On Feb 24, 2009, at 2:20 PM, Patrick Bond wrote:
> And another point is temporal. You're looking at the last fifteen
> years, whereas the overaccumulation problem that got all that
> fictitious capital sliding into such zany circuitries - leading to
> the current epiphenomenal financial crisis - goes back to the late
> 1970s, and it was *then* that the overinvestment and excessive
> production to meet intense competition signaled firms to slow fixed
> capital investment. (Unless you think, like comrades Henwood,
> Panitch and Gindin, that capital solved its 1970s crisis by the mid
> 1980s. But they're wrong and I know you appreciate that.)

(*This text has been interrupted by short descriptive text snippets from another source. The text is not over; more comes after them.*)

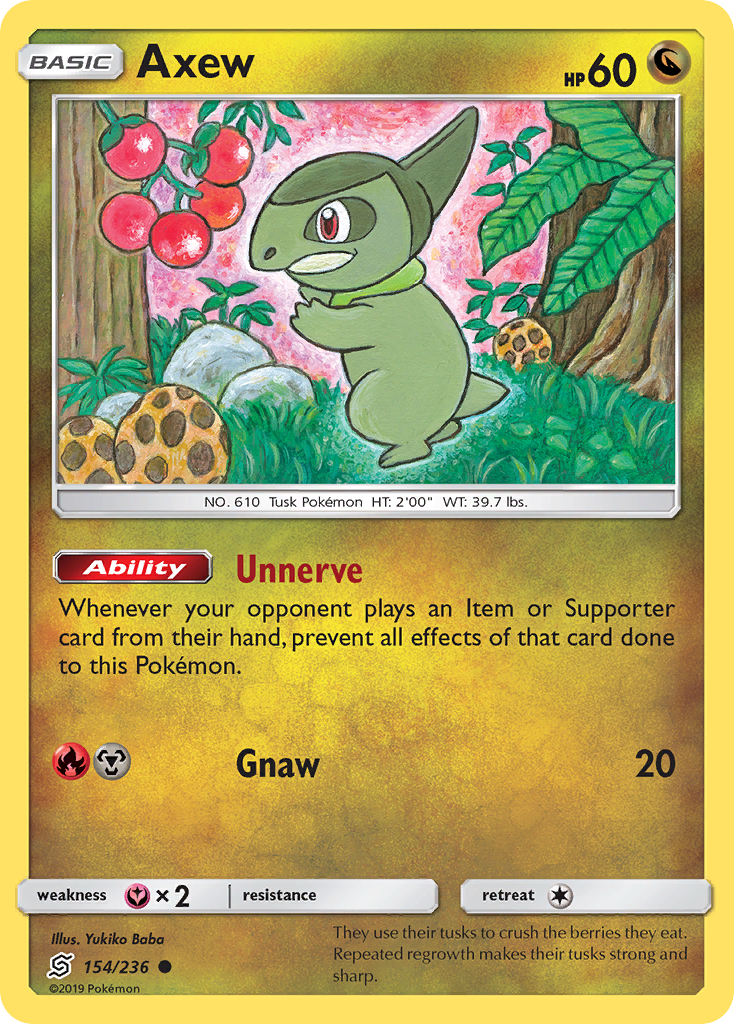 Axew (154/236) [Sun & Moon: Unified Minds] | Clutch Gaming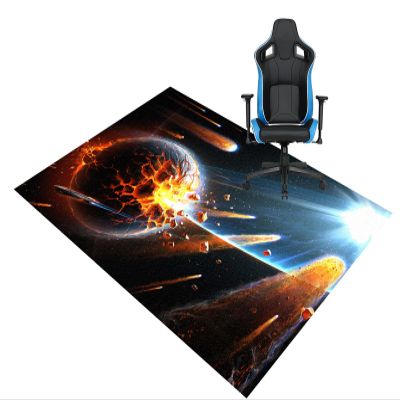 Gaming Chair Mat, 110 x 150 cm, Non-Slip Floor Protector for Hard Floors and Carpets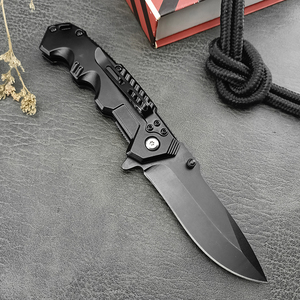 Couteau pliant en fourrure de vison noir ECD, outil de survie pour le camping, couteau de poche portable pour l'extérieur, couteau quotidien pour légumes et fruits CEM - Product Image 4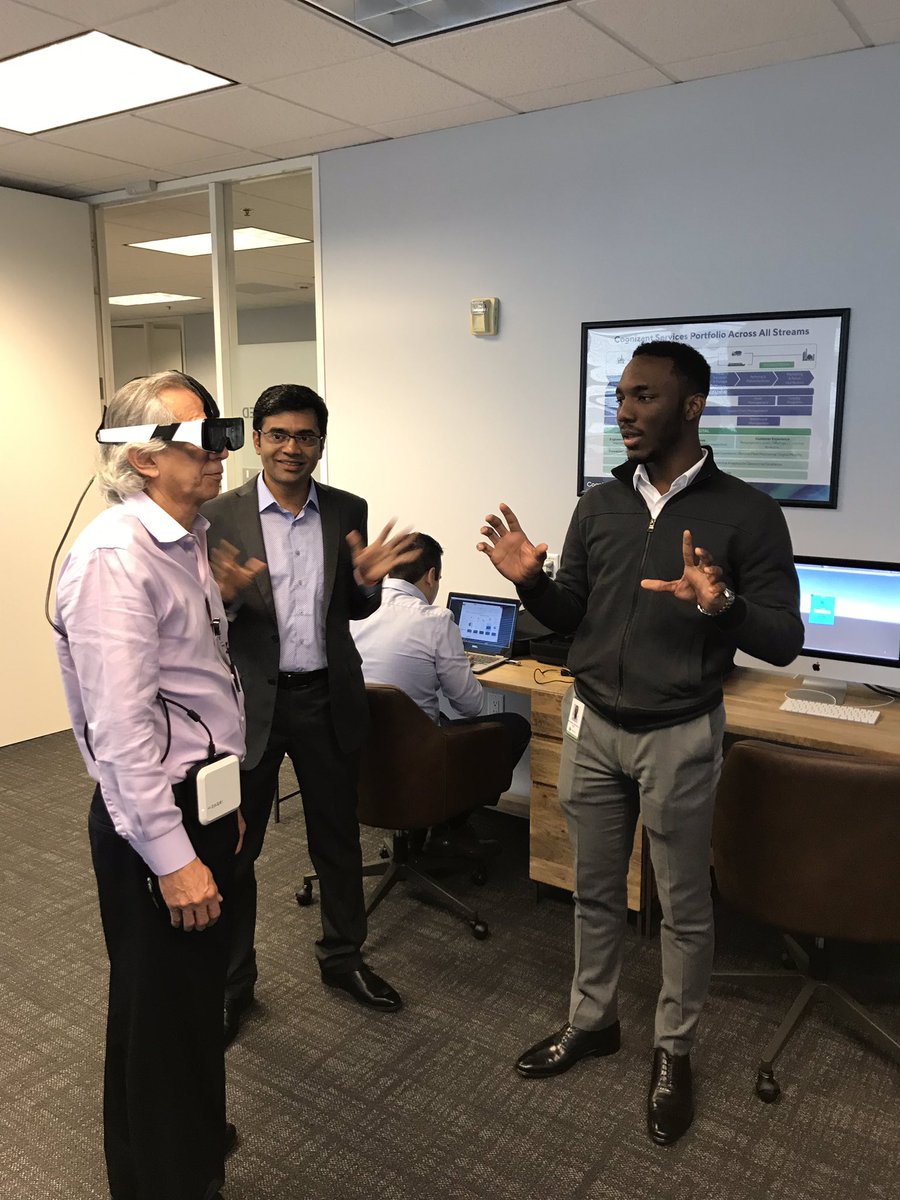 CognizantEvents's tweet photo. The Houston Innovation Lab Open House is underway, promoting Cognizant’s capabilities in the #Energy sector! #oilandgas #houstoninnovationlab #renewableenergy https://t.co/RPIlYsCBs6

Capital, which isn't a thing or a person but let's use it like that under erasure anyway, did solve its 1970s crisis by the mid 1980s. That doesn't mean the problem was fixed for all time. Capitalism is a dynamic system that thrives on overcoming crises.
This is what I don't get about your position. It would seem, from reading you, that socialism could solve the economic problem, while capitalism is in some sort of terminal crisis. But even socialism would have problems that it would have to solve (starting with its introduction), and no doubt serious ones (starting with its introduction). That's human life for you. And for capitalism, so far no crisis has proved terminal. Maybe its luck will run out, but it has proved itself remarkably resilient - unless we do something about it politically.